IF 4.3 3区 医学 Q1 RESPIRATORY SYSTEM Pub Date : 2025-03-24 eCollection Date: 2025-03-01 DOI: 10.1183/23120541.00655-2024
Mihaja Raberahona, Alexandra Zimmer, Rivonirina Andry Rakotoarivelo, Patrick Andriniaina Randrianarisoa, Garcia Rambeloson, Etienne Rakotomijoro, Christophe Elody Andry, Haingonirina Anique Razafindrakoto, Dera Andriantahiana, Mamy Jean de Dieu Randria, Niaina Rakotosamimanana, Simon Grandjean Lapierre

Background: Recent advances in digital and wearable technologies with artificial intelligence (AI) enable the use of continuous cough monitoring (CCM) to objectively monitor symptoms as surrogate markers of treatment efficacy in pulmonary tuberculosis (PTB). The objectives of this study were to describe the evolution of cough during PTB treatment in adults and to assess the feasibility of community-based CCM.

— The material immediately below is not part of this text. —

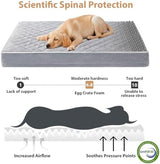 WNPETHOME Orthopedic Dog Beds for Large Dogs, Extra Large Waterproof Dog Bed with Removable Washable Cover & Anti-Slip Bottom, Egg Crate Foam Pet Bed Mat, Multi-Needle Quilting XL Dog Crate Bed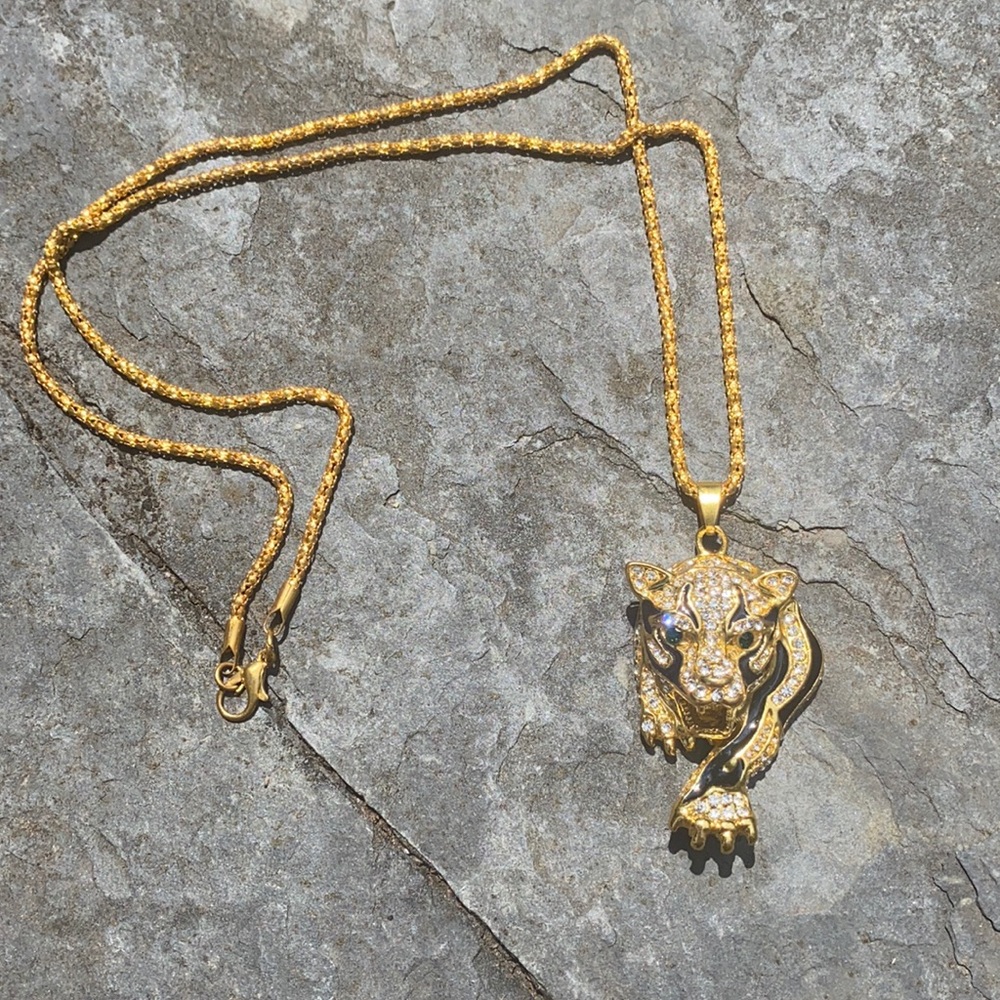 Gold Tiger Rhinestone Necklace Chain Drip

Methods: We prospectively enrolled PTB adult participants upon treatment initiation. Participants' coughs were continuously monitored during 6 months with a smartphone loaded with an app able to detect cough by using an AI algorithm.

Results: 22 participants were included. The median (interquartile range (IQR)) age was 28.5 (22-42) years and 62% were male. The median (IQR) coughs per hour (medCPH) was 11.0 (7.0-27.0) at week 1. By the end of the intensive phase of PTB treatment at week 8, the medCPH was 3.5 (1.5-7.0), which was significantly lower than the medCPH at week 1 (p=0.002). At week 26 (end of treatment), the medCPH was 1.0 (1.0-2.5). The adherence to CCM was high during the first 13 weeks of PTB treatment and then waned over time. The adherence was similar during daytime and night-time.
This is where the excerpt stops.